Thursday, August 24, 2006

A split function in Haskell

Splitting a string into parts based on a token delimiter is a very common operation in some problem domains. Languages such as Perl or Java provide a split function in their standard library to execute this algorithm, yet I'm often surprised to see how many languages do not have one. As far as I can tell neither C++ nor Haskell have it so I have coded such a function in the past multiple times in both languages. (This is not exactly true: Haskell has the words function which splits a string by whitespace characters. Nevertheless I didn't know this when I wrote my custom implementation.)

When I implemented a custom split function in Haskell I was really amazed to see how easy and clean the resulting code was. I'm sure there is some better and even cleaner way to write it because I'm still a Haskell newbie! Here is it:
split :: String -> Char -> [String]
split [] delim = [""]
split (c:cs) delim
| c == delim = "" : rest
| otherwise = (c : head rest) : tail rest
where
rest = split cs delim
The above code starts by declaring the function's type; this is optional because Haskell's type system is able to automatically deduce it. It then uses pattern matching to specify the algorithm's base and recursive cases. At last, the recursive case is defined by parts, just as you do in mathematics. Oh, and why recursivity? Because iteration does not exist in functional programming in the well-known sense of imperative languages. Also note the lack of variables (except for the input ones) and that everything is an evaluable expression.

Let's now compare the above code with two implementations in C++. A first approach to the problem following common imperative programming thinking results in an iterative algorithm:
std::deque< std::string >
split_iterative(const std::string& str, char delim)
{
std::deque< std::string > parts;

std::string word;
for (std::string::const_iterator iter = str.begin();
iter != str.end(); iter++) {
if (*iter == delim) {
parts.push_back(word);
word.clear();
} else
word += *iter;
}
parts.push_back(word);

return parts;
}
This is certainly uglier and much more difficult to prove right; iteration is a complex concept in that sense. In this code we have variables that act as acumulators, temporary objects, commands, etc. Be glad that I used C++ and not C to take advantage of STL containers.

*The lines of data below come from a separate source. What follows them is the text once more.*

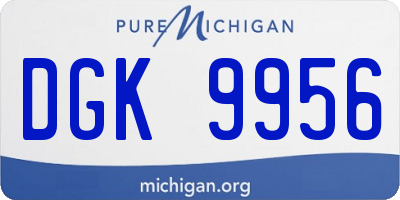 MI license plate DGK9956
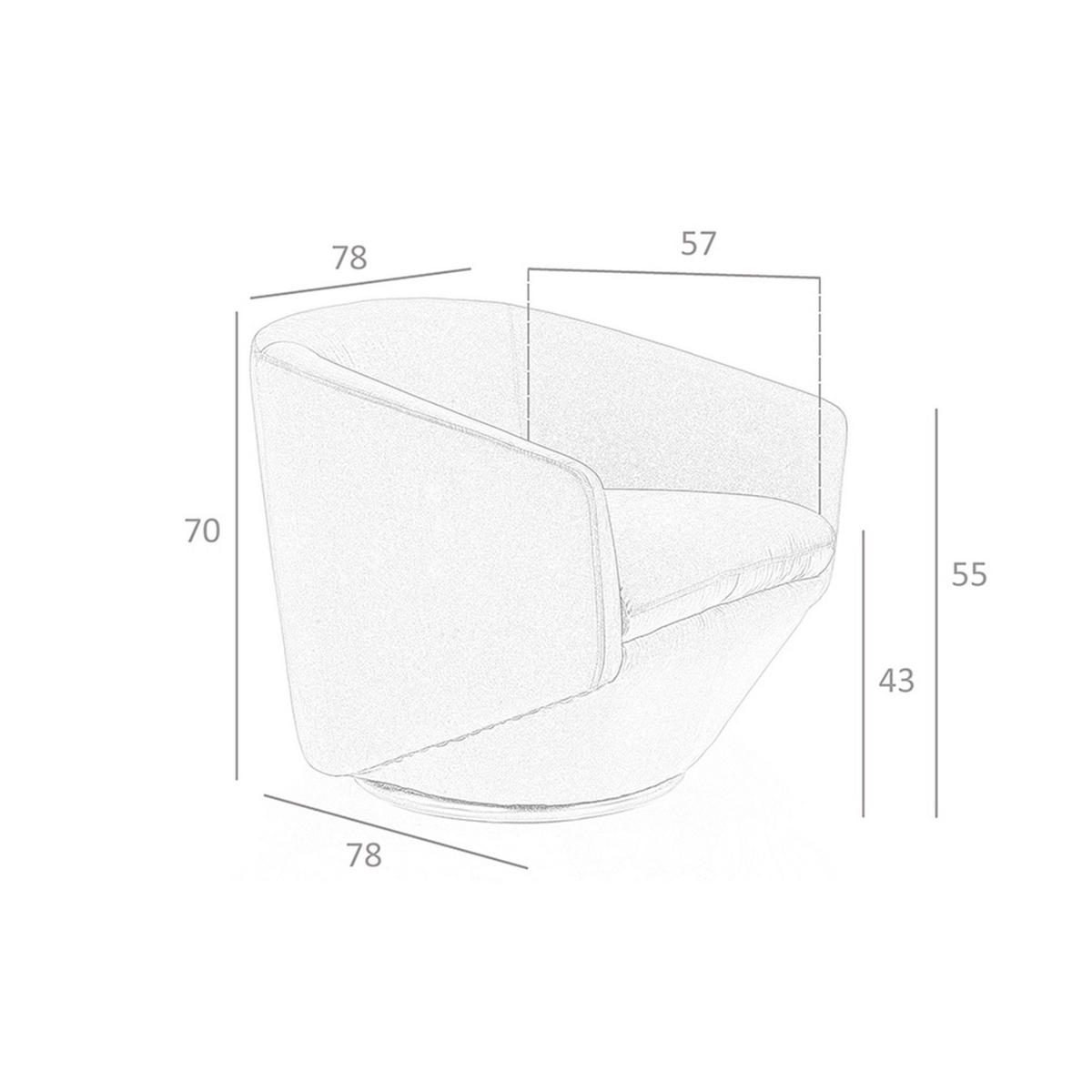 PFIRSICHFARBENER Samt-Drehsessel 78/78/70 cm - Grau, Textil (78/70/78cm) - ANGEL CERDA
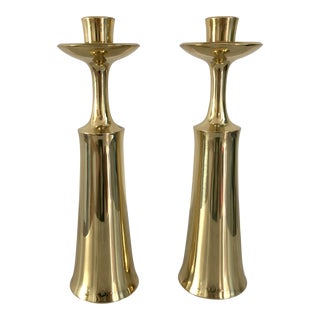 1950s Dansk Danish Brass Candlesticks - a Pair For Sale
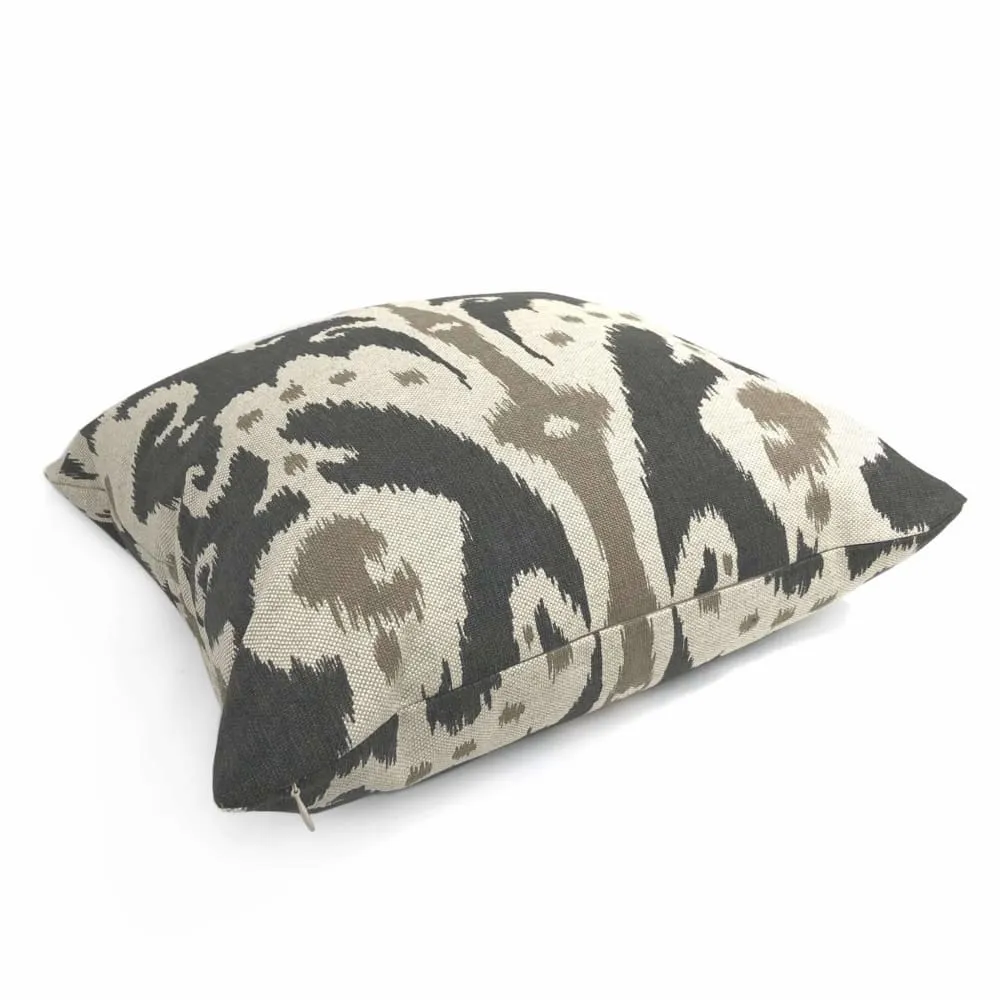 Casbah Charcoal Taupe Beige Ethnic Ikat Pillow Cover (Made from Lacefield Designs Fabric)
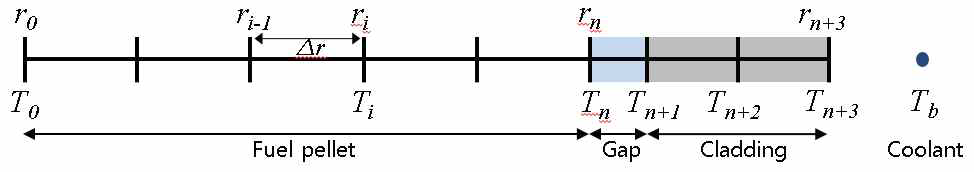 핵연료봉 반경방향 1차원 모델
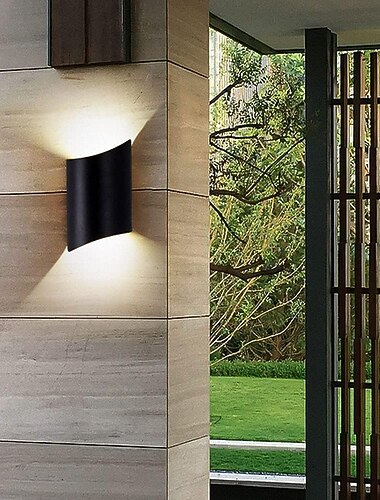  moderno applique da esterno su e giù luce impermeabile apparecchio da parete illuminazione alluminio led esterno applique per interni esterni patio portico bianco caldo 110-240v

OK, to be fair the code should be implemented in a recursive way to be really comparable to the Haskell sample function. Let's attempt it:
std::deque< std::string >
split_recursive(const std::string& str, char delim)
{
std::deque< std::string > parts;

if (!str.empty()) {
std::string str2 = str;
parts = split_recursive(str2.erase(0, 1), delim);

if (str[0] == delim)
parts.push_front("");
else
parts[0] = str[0] + parts[0];
} else
parts.push_front("");

return parts;
}
This split_recursive function follows the same algorithm as the split written in Haskell. I find that it is still harder to read and more delicate (I had some segmentation fault s until I got it right).

Of course Haskell is not appropriate for everything (which is true for every language out there). I have yet to write a big and useful program in Haskell to really see its power and to be able to relly compare it to other languages. All I can do at the moment is to compare trivial stuff as the above.